MB’nin bu haftaki kararı bence ilerisi için öenmli mesajlar içereceği için neredeyse kabinenin nasıl şekilleneceği kadar önemli.
Yeni kabine önemli
Bizim piyasalarımızın küresel piyasalardan olumsuz olarak ayrışmasının ardında yeni kurulacak kabinede ekonomi yönetiminin kimde olacağı belirsizliği önemli yer tutuyordu! Geçen hafta içinde Babacan’ın görevin koruyacağı söylemleri piyasaların moralini bir parça olsa da düzeltti. Ancak bu konuda hafta sonu da gelen haberlerde; Babacan’ın görevde kalmak için bazı şartları olduğu, bunların kabul görmeyebileceği, kabul edilişe bile Numan Kurtulmuş’un yeni görev dağılımında daha ağırlıklı bir role sahip olacağı yönünde.

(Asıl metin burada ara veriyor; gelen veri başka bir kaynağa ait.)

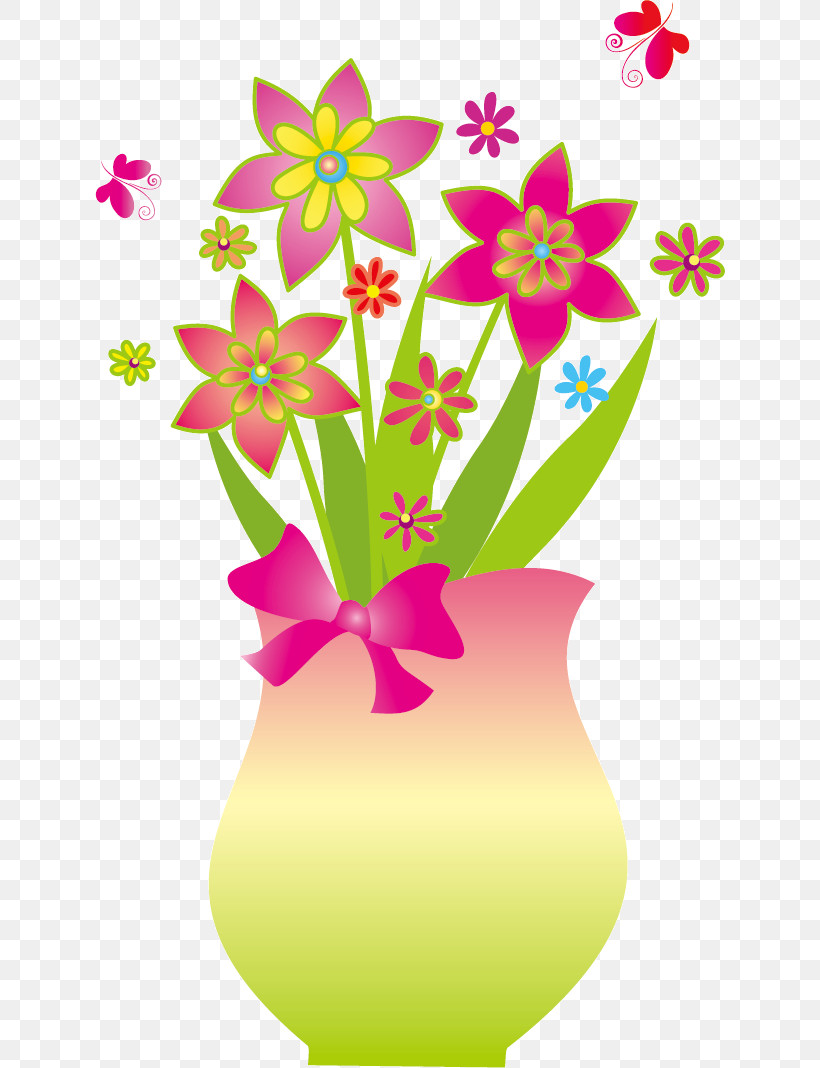 Flower Floral Vase, PNG, 630x1068px, Flower, Cut Flowers, Floral, Pedicel, Petal Download Free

Geçtiğimiz hafta Pazartesi günkü yazımda; “Hamasetin öne çıktığı, uluslararası kredibilitesi düşük olan veya hiç olmayan isimlerin ekonominin dümenine geçmesi piyasaları tedirgin edecektir. Bu arada kabinedeki çoğunluğun “hamasi” olduğu, buna karşın tek başına Babacan’ın yer aldığı bir kombinasyon da uzun vadede işimizi zorlaştıracaktır. Son aylarda olduğu gibi etkisi sınırlı olacak bir Babacan faktörü de bir çok yatırımcıyı ikna etmeyecektir” diye yazmış ve bu “tehlikeyi” dile getirmiştim.
Bu ihtimal bu hafta açıklanacak yeni kabine için halen daha devam ediyor. Babacan’ın tek başına kaldığı hatta önümüzdeki dönemde icraatlarının kabine içindeki bakanlar tarafından eleştirildiği bir ortamda ne kadar başarılı olacağı, yabancı yatırımcıları ne kadar ikna edebileceği çok ciddi bir soru işareti!
Dolar 2.15’i test edebilir Dolar/TL kurlarında 2.1875 seviyesi kritik eşik olmaya devam ediyor. Geçen hafta bir ara üzerine çıkılsa da herhangi bir günlük kapanış bu seviyenin üzerinde olmadı! Bu seviyenin üzerinde iki günlük kapanış olur 2.2250 ihtimali artacaktır!
MB’nin faizleri “hiç değilse sabit tutması” ve yeni kabinenin kısa zamanda açıklanmasıyla (Paritenin çok da fazla değişmediği varsayımıyla) dolar/TL kurlarında ilk aşamada 2.1650 ve ardından 2.1500 (düz!) seviyesinin teste edilmesi olasılığı yüksek! Euro/dolar paritesinde uzun zamandır “beklenen” 1.3250 seviyesi geçen hafta görüldü. Hatta Yellen’in konuşması sırasında 2.322’yi bile görüldü. Haftalık kapanışın 1.3250’nin altında olması euro’nun 1.3020 seviyesine kadar gerilemesi ihtimalini arttırıyor.
Buna karşın benim beklentim; 1.3993’den başlayan bu hareketin 1.3250’lerde konsolide olması ve euro’nun 1.30’lu seviyelere gitmeden önce 1.3405 ve hatta 1.3515 seviyelerine kadar bir düzeltme yapması yönünde. Perşembe günü açıklanacak AB bölgesi “ekonomi güven endeksi” ve Alman enflasyon verileri euro konusunda bu hafta yön gösterici olacak!
Ufuk Korcan’a başarılar... 6 yılı aşkın süreyle Vatan ekonomi servisinde birlikte büyük keyifle çalıştığım sevgili Ufuk Korcan, yeni denizlere yelken açmış. Rüzgârı bol, pruvası neta, şansı da gani gani olsun...
Sayfada yer alan bilgiler tavsiye niteliği taşımayıp yatırım danışmanlığı kapsamında değildir. Yatırımcı profilinize uymayabilir.